17:54 1 mars 2021 | mise à jour le: 8 juin 2021 à 09:20 temps de lecture: 3 minutes

La COVID-19 ne disparaîtra pas avant 2022, selon l’OMS

La COVID-19 ne disparaîtra pas avant 2022, selon l’OMS
Photo: Caputre d'écranLe directeur général de l’OMS, Tedros Adhanom Ghebreyesus.

L’Organisation mondiale de la santé (OMS) juge peu réaliste l’éradication de la COVID-19 avant 2022, a-t-on appris lors de la conférence de presse tenue lundi. L’organisation en a profité pour exhorter les pays à être plus solidaires tandis que quatre des six régions du monde voient les nouveaux cas augmenter.

Éradiquer la COVID-19 avant la fin 2021 semble utopique pour le directeur exécutif de l’OMS, Dr Michael Ryan. «Je pense qu’il serait peu réaliste de penser que l’on en aura terminé avec ce virus avant la fin de l’année. Pour nous, ce qui compte, c’est de contenir la transmission et vacciner le plus de monde possible avec une priorité pour les personnes fragiles et ceux en première ligne», dit-il.

Une tendance des cas à la hausse

Le directeur général de l’OMS, Tedros Adhanom Ghebreyesus, était déçu de constater que pour la première fois en sept semaines, les cas augmentent dans quatre des six régions de l’OMS, soit les Amériques, l’Europe, l’Asie du Sud-Est et la Méditerranée Orientale. « C’est assez décourageant, mais cela n’est pas surprenant. Nous travaillons à comprendre cette augmentation. Parfois, il semble que cela soit dû à des mesures de santé publique plus laxistes, la circulation des variants et aussi le fait que les gens ne prennent plus de précautions.»

L’iniquité de l’accès aux vaccins pointée du doigt

Tedros Adhanom Ghebreyesus rappelle que la seule vaccination ne suffit pas à éradiquer le virus.

«Il est intéressant de voir que les agents de santé dans des pays à revenu faible commencent à se faire vacciner, mais il est regrettable que cela arrive trois mois après le début des vaccinations dans des pays riches. Je regrette aussi que des pays vaccinent des jeunes qui ne courent pas beaucoup de risques plutôt que des agents de santé ailleurs», dénonce le dirigeant.

Le directeur général de l’OMS n’apprécie pas cette façon de faire. «Nous ne demandons pas aux pays de faire la course, nous sommes tous concernés par ce virus. Nous demandons à tous les pays de faire partie de l’effort mondial. C’est une question de droits humains.»

Une première pour Covax

La Côte d’ivoire et le Ghana sont les deux premiers pays à vacciner du personnel de la santé avec des doses fournies par Covax, ce programme de distribution de vaccins pour les pays à économie faible. Il prévoit d’ailleurs l’envoi de 11 millions de doses supplémentaires dans les prochains mois.

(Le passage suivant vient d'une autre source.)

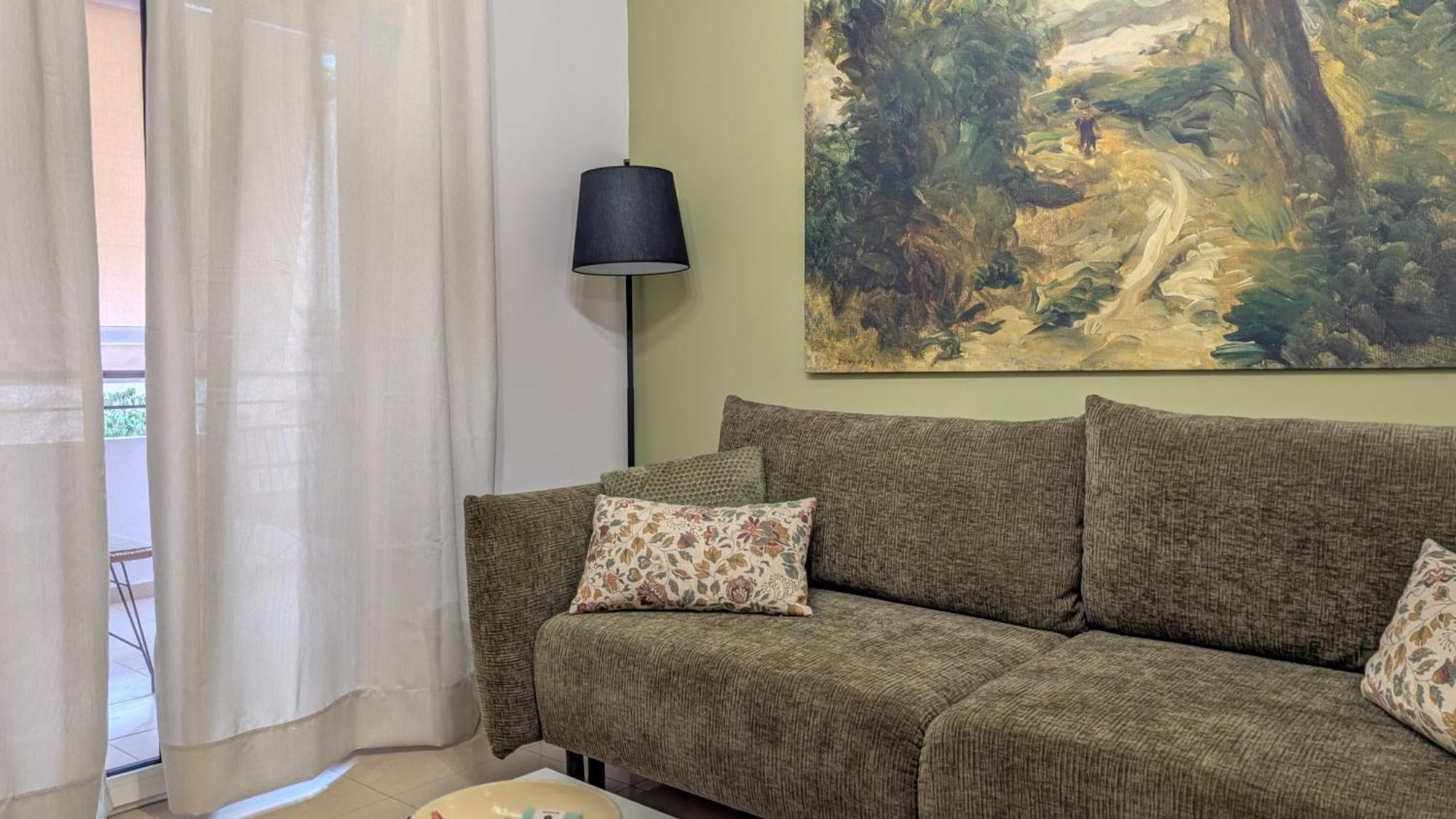 Xperience Central Apartments 伊拉克利翁 外观 照片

«Nous aimerions que plus de doses soient produites, mais cette semaine est le point de départ d’une vaccination de masse. C’est historiquement sans précédent», explique la cheffe scientifique de l’OMS, Dre Soumya Swaminathan.

L’OMS et son partenaire du Covax mettent tout en œuvre pour que la vaccination commence partout dans les 100 premiers jours de l’année, ce qui signifie qu’il leur reste 40 jours.

L’OMS se dit aussi préoccupée par les arrestations de travailleurs de la santé au Myanmar et en Éthiopie, ce qui pourrait avoir des effets négatifs sur la riposte face à la COVID-19 dans ces pays.